Why? That is the natural question to ask when we hear the first line of today’s readings. What, exactly, was God trying to show Abraham? And why did it require such extreme, seemingly cruel, measures?
Notice when God told Abraham to take Isaac to be offered as a holocaust, or sacrifice, he described the patriarch’s son as the one “you love”. We are mindful that Isaac represented, in a most concrete and living form, the faithful promise of God to provide Abraham with an heir (Gen 17). When the ninety-nine-year-old Abraham was told he and Sarai would have a son, he laughed aloud. But God said the miraculously conceived son would be blessed, for “he shall give rise to nations, and rulers of people shall issue from him” (Gen 17:16).
So why would God then tell Abraham to sacrifice his son, who personified the covenantal blessings of offspring, land, influence, and, eventually, a nation?
The third-century theologian Origen wrote at length about this remarkable test. He suggested God described Isaac as beloved so that “by awaking memories of love the paternal right hand might be slowed in slaying his son and the total warfare of the flesh might fight against the faith of the soul.”
In other words, God not only tested Abraham, he intentionally intensified the test by accentuating the great love of the father for his son. This reminder, Origen further noted, “also produces hopelessness in the promises that were made…”
Rather than making sense of the test, this appears to make it even more irrational, even cold-blooded. Within Judaism, this story is known as the “Akedah”, or “binding”, the greatest (and, according to Jewish tradition, the tenth) test faced by Abraham. But, of course, if Abraham had no love for his son, the test would not have been so harrowing. After all, the sacrificing of children was hardly unusual within the ancient near Eastern world; in fact, it was a normal part of some pagan religions.
The horror of the approaching sacrifice was not so much in the command to kill one’s son, argued Fr. Hans Urs von Balthasar, “rather, the horror lies in the fact that this son was miraculously given by God and destined to imitate and accomplish the divine promises.” It’s as if God turned his back on his promises, plunging Abraham into a darkness no mortal could hope to withstand alone.
And that, paradoxically, begins to shed a little light upon what is, without a doubt, one of the most perplexing narratives in Scripture. By stepping into the darkness of God’s will, Abraham cast himself into the light of God’s perfect mercy and love. The test was not meant to prove God can do whatever he desires, but that God desires to do whatever he can for man, who is the pinnacle of his creation.
Yet God’s grace must be met by man’s faith; that is, God’s “Yes” to man must be accepted by man’s “yes” to God. “I know now,” said God’s messenger to Abraham, “how devoted you are to God, since you did not withhold from me your own beloved son.” That devotion—or, better, “fear of God”—refers specifically to a free and active obedience to God’s will. It is the emphatic “yes!” uttered and lived in faith.

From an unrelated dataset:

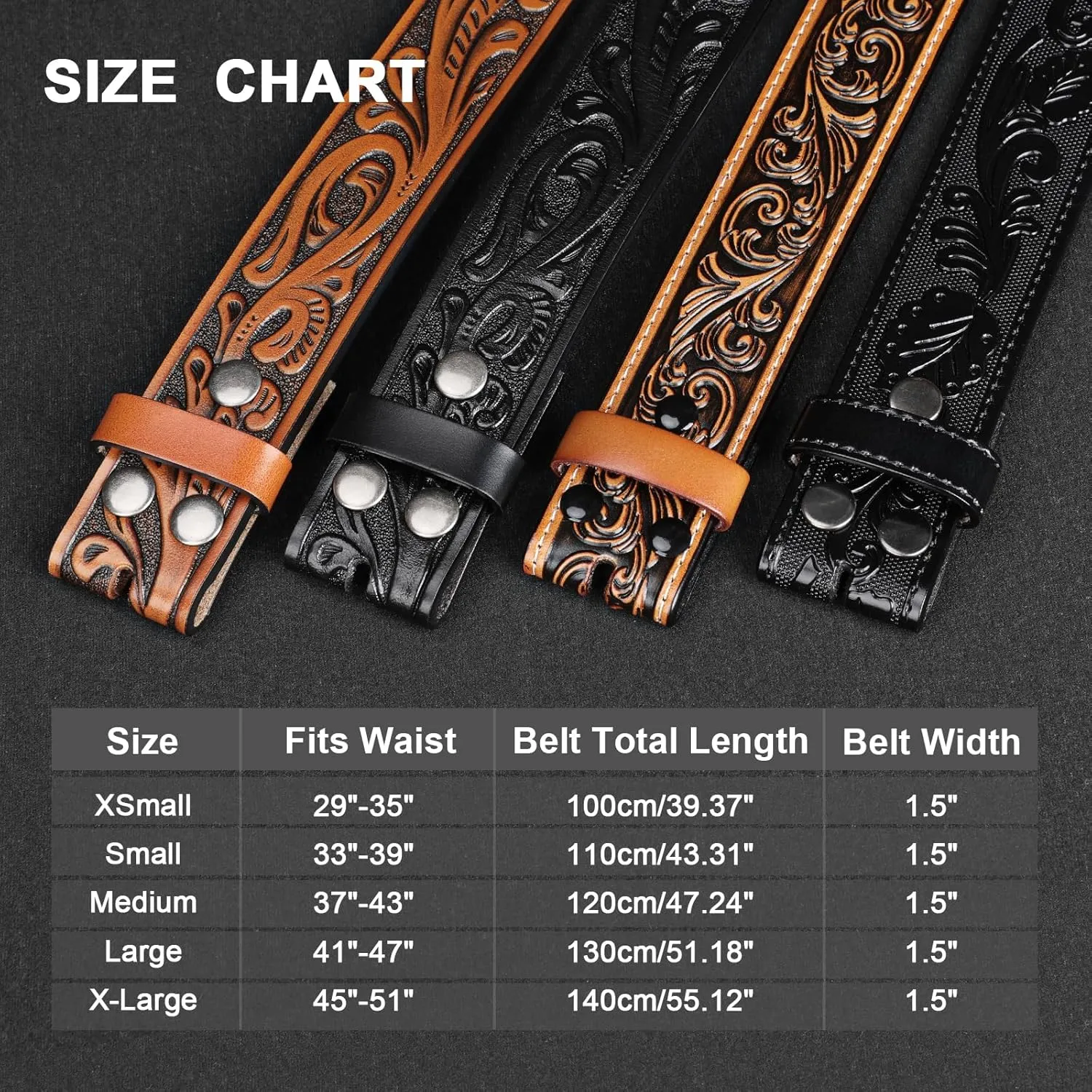 SANSTHS 2 Pack Western Belts for Men without Buckle, Cowboy Belt for Buckle Western Leather Belt Straps for Jeans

With that in mind, we can better appreciate St. Paul’s explanation to the Christians in Rome that God “did not spare his own Son but handed him over for us all…” That gift is even more mysterious and confounding than what was asked of Abraham. And Jesus, who is called “my beloved Son” by the Father at the Transfiguration, was not a bewildered young man, but the Incarnate Word who in free and active obedience accepted and carried out the will of his Father.
If the Father freely gave his Son for us, and the Son freely gave his life for us, what will we freely give to God?